Short web captions:
Segment Open

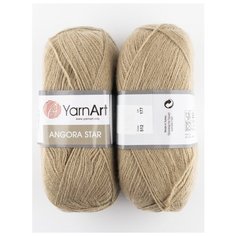 Пряжа "Angora Star" 100г, 500м (2 мот.), YarnArt, 512 светло-бежевый
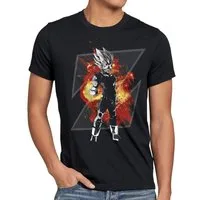 style3 T-Shirt Vegeta Z Gold god modus dragonball z gt songoku breakers daima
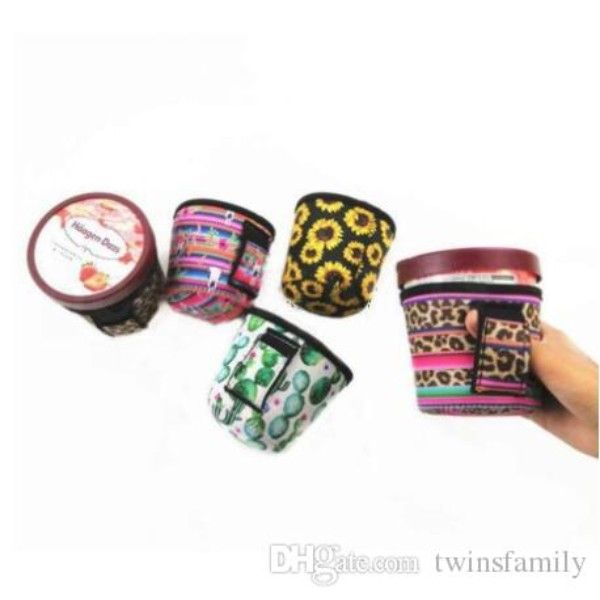 

ice cream cover neoprene leopard print sunflower can cooler covers cactus lolly bags holder case tools yp166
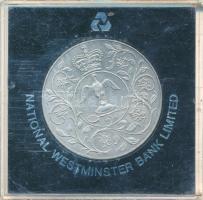 Nagy-Britannia 1977. 25p Cu-Ni "Ezüst jubileum" eredeti tokban T:AU
Great Britain 1977. 2...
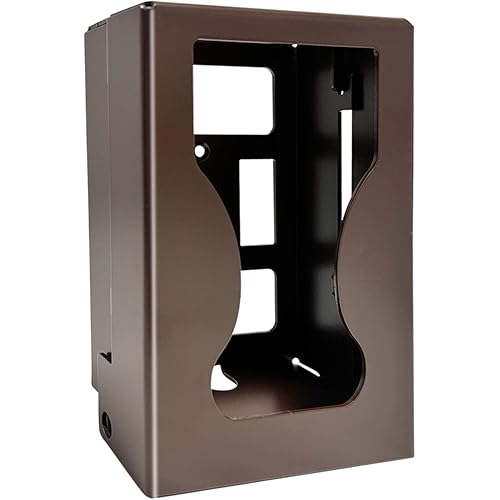 Game Trail Camera Safe Security Case & Metal Protective Box Compatible for BlazeVideo A252/A262, Agitato A323, Meidase Meidase P40 P50 S3, S3 pro, GardePro A3 & A3S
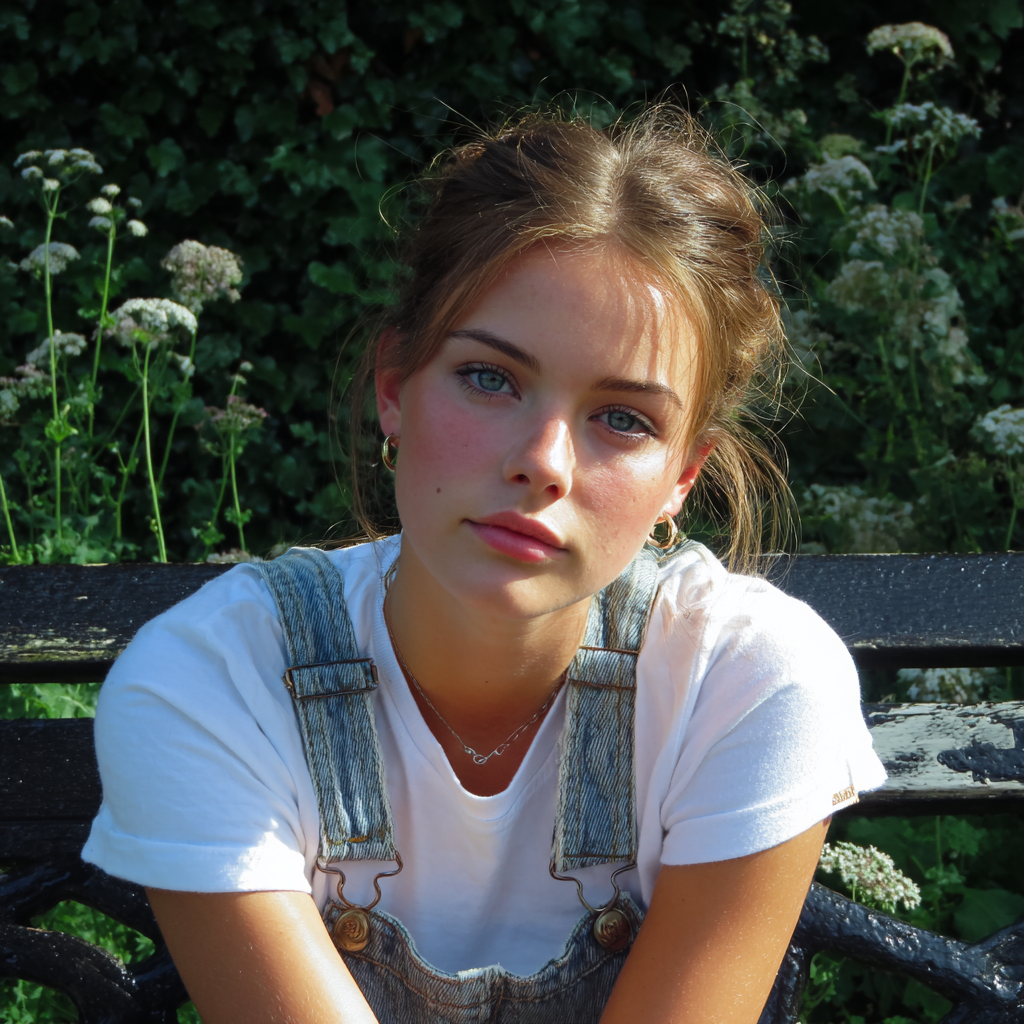 A pensive teenage girl | Source: Midjourney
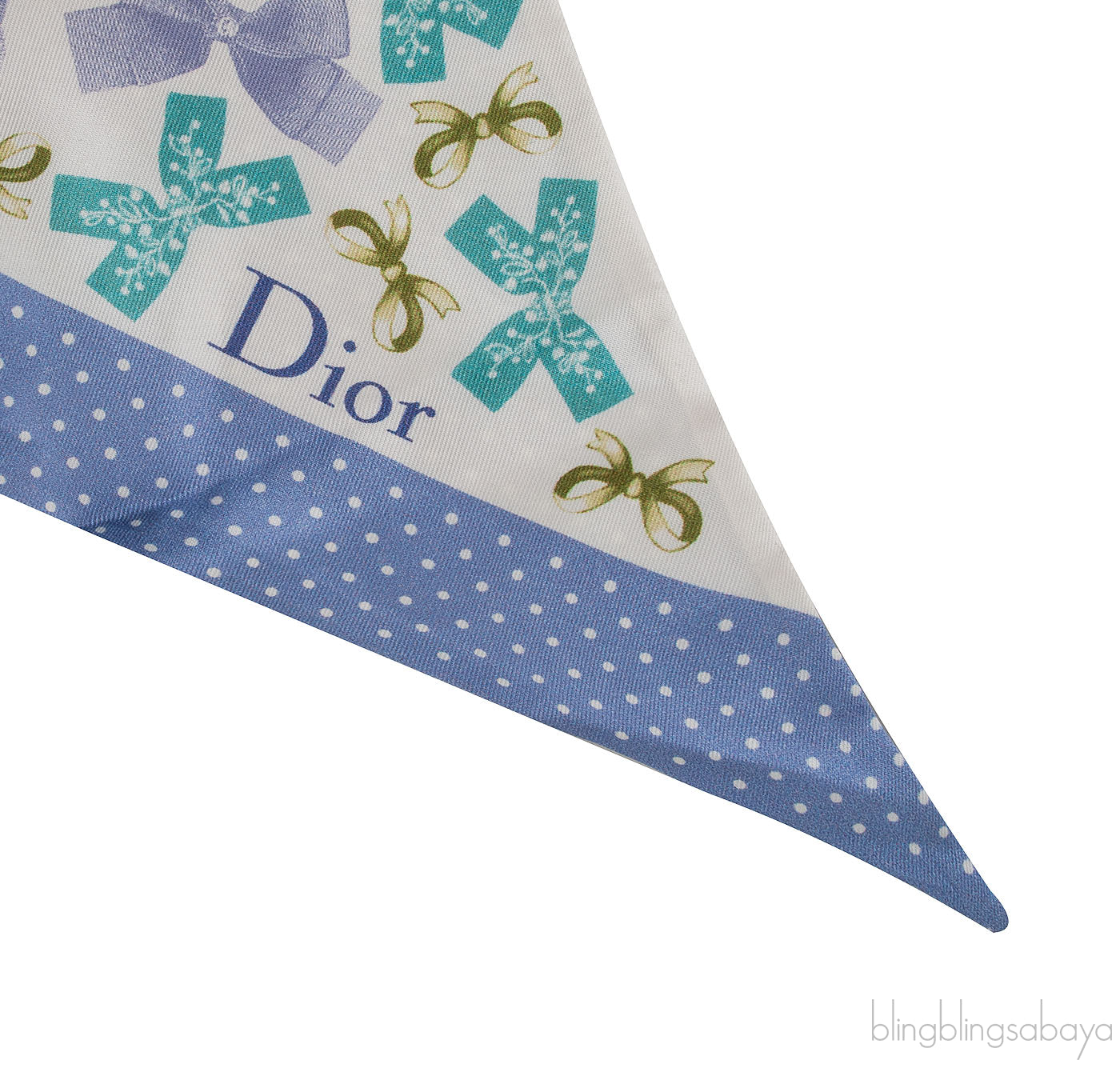 Bow & Polka dot Lilac Scarf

Segment Closed

■ TASK INSTRUCTIONS ■
All of the data must be repeated exactly, except for the pictures.

■ RESULT OF THIS EXERCISE ■
 Пряжа "Angora Star" 100г, 500м (2 мот.), YarnArt, 512 светло-бежевый
 style3 T-Shirt Vegeta Z Gold god modus dragonball z gt songoku breakers daima

ice cream cover neoprene leopard print sunflower can cooler covers cactus lolly bags holder case tools yp166
 Nagy-Britannia 1977. 25p Cu-Ni "Ezüst jubileum" eredeti tokban T:AU
Great Britain 1977. 2...
 Game Trail Camera Safe Security Case & Metal Protective Box Compatible for BlazeVideo A252/A262, Agitato A323, Meidase Meidase P40 P50 S3, S3 pro, GardePro A3 & A3S
 A pensive teenage girl | Source: Midjourney
 Bow & Polka dot Lilac Scarf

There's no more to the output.